▶ _DATA TO USE_:
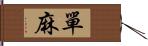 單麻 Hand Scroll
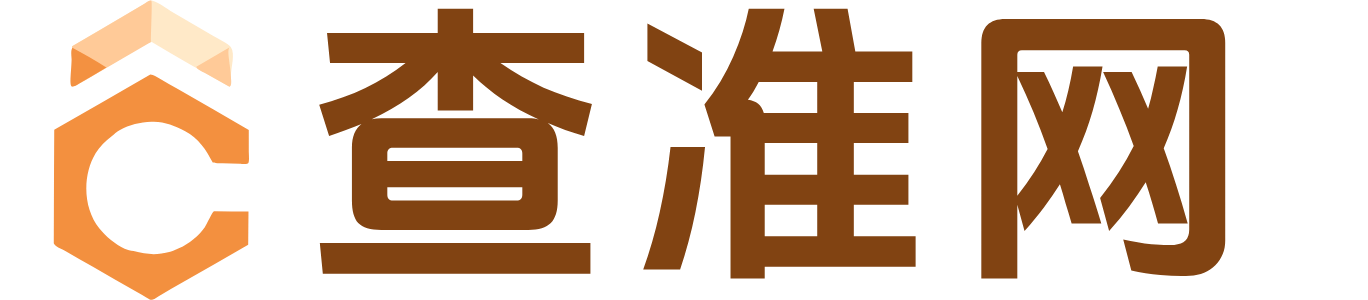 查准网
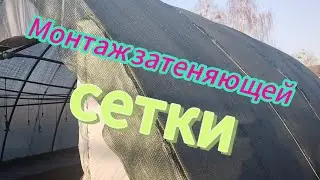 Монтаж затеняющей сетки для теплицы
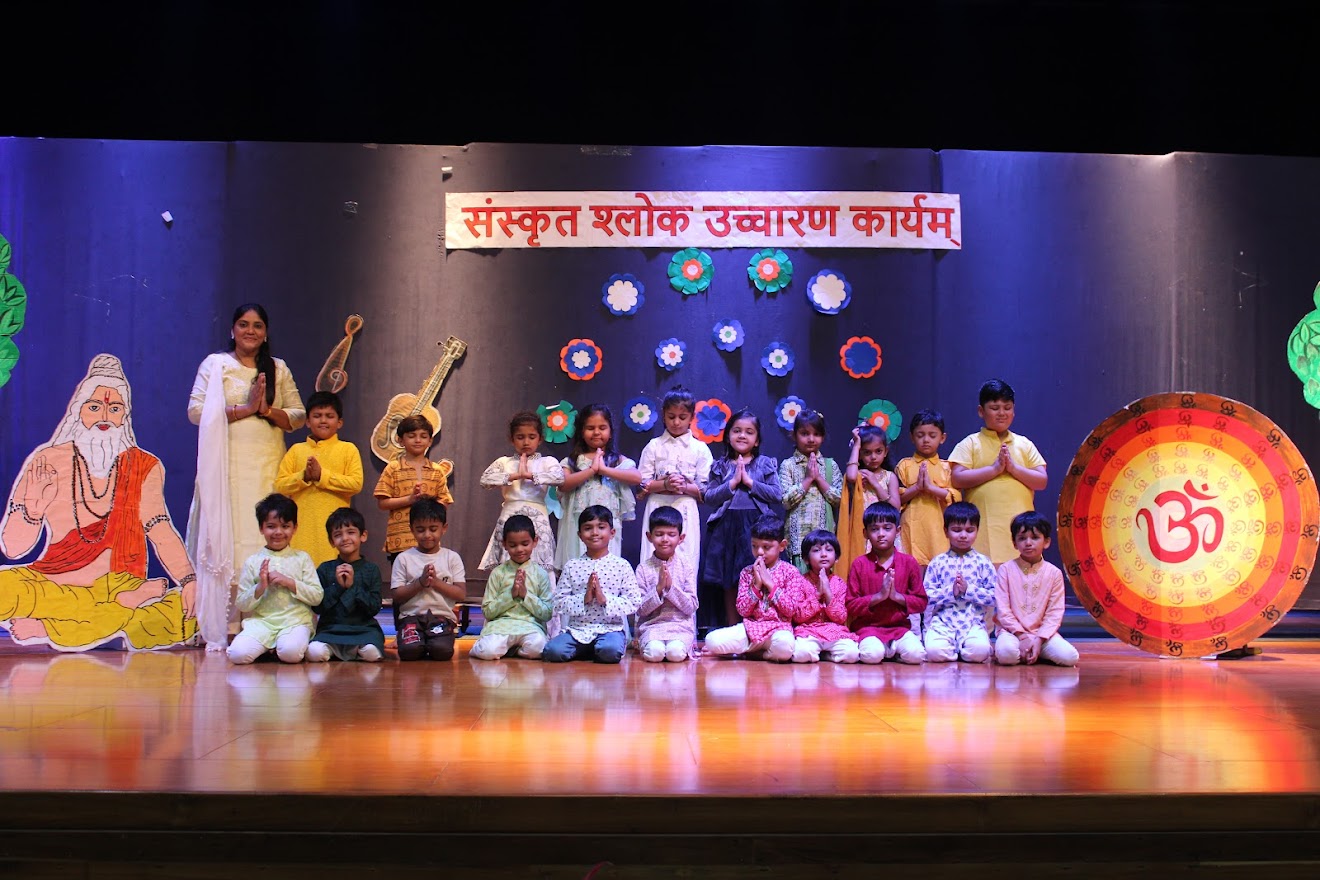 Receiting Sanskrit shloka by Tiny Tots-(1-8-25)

==

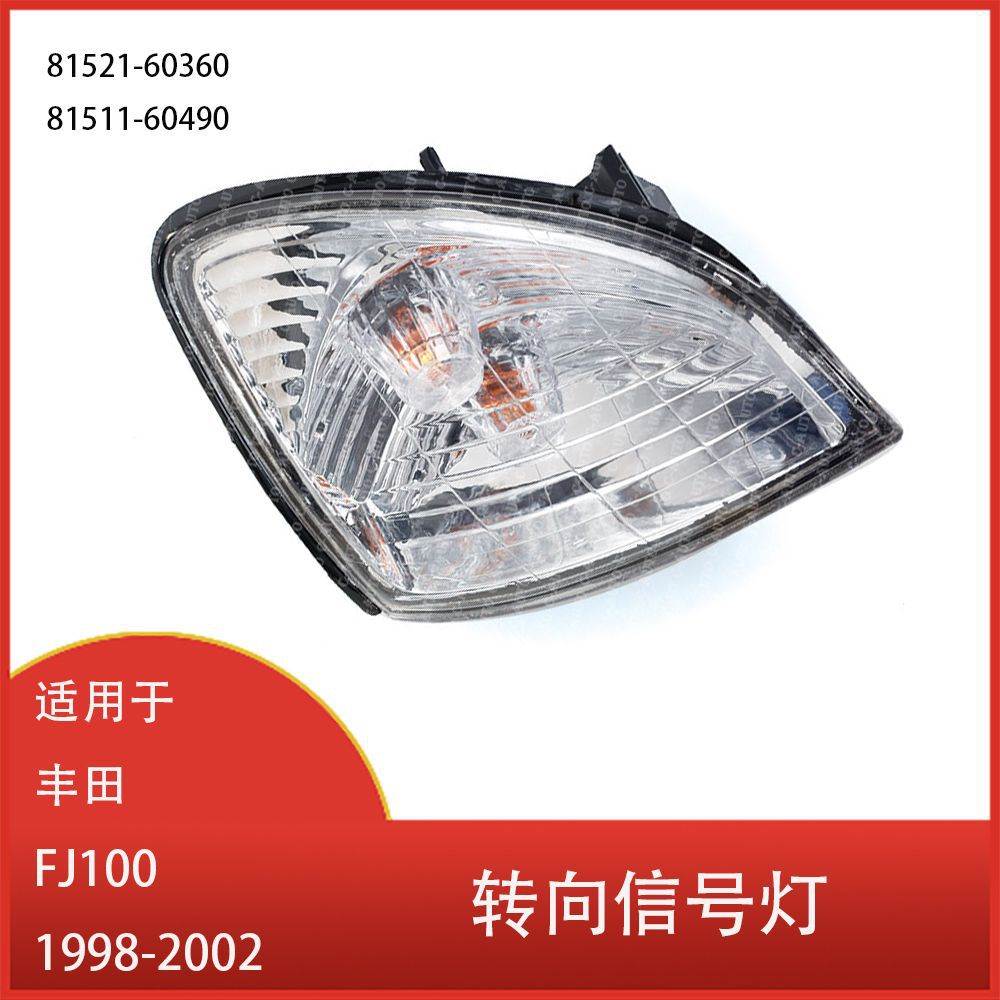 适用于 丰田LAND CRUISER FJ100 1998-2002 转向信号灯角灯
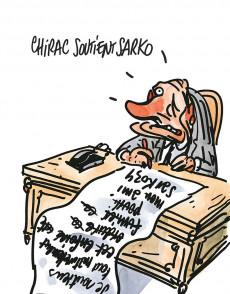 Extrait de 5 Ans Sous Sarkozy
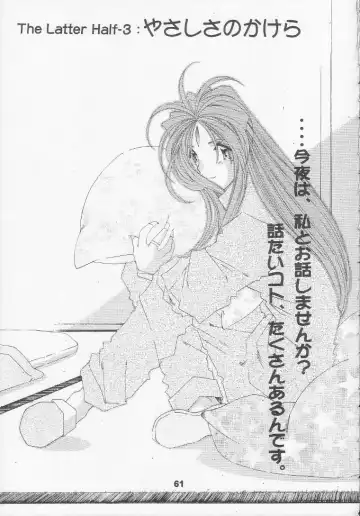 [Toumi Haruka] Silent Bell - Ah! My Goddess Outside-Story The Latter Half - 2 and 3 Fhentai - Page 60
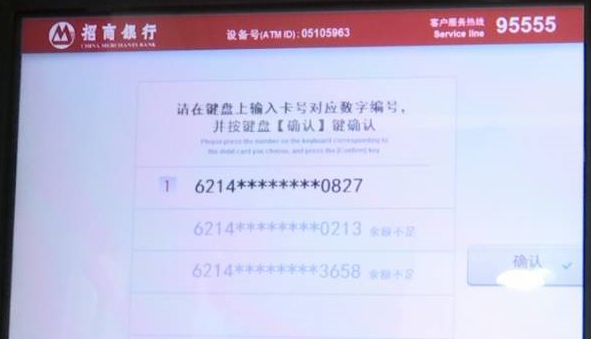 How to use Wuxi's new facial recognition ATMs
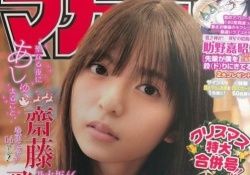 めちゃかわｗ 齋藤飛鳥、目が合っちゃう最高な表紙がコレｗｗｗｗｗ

▶ _WHAT THE TASK ASKS_:
Within the entries above, the lines from the one containing "Монтаж затеняющей сетки для теплицы" through the one containing "Receiting Sanskrit shloka" are to be transcribed exactly, ends included, pictures excluded.

▶ _EXPECTED OUTPUT_:
 Монтаж затеняющей сетки для теплицы
 Receiting Sanskrit shloka by Tiny Tots-(1-8-25)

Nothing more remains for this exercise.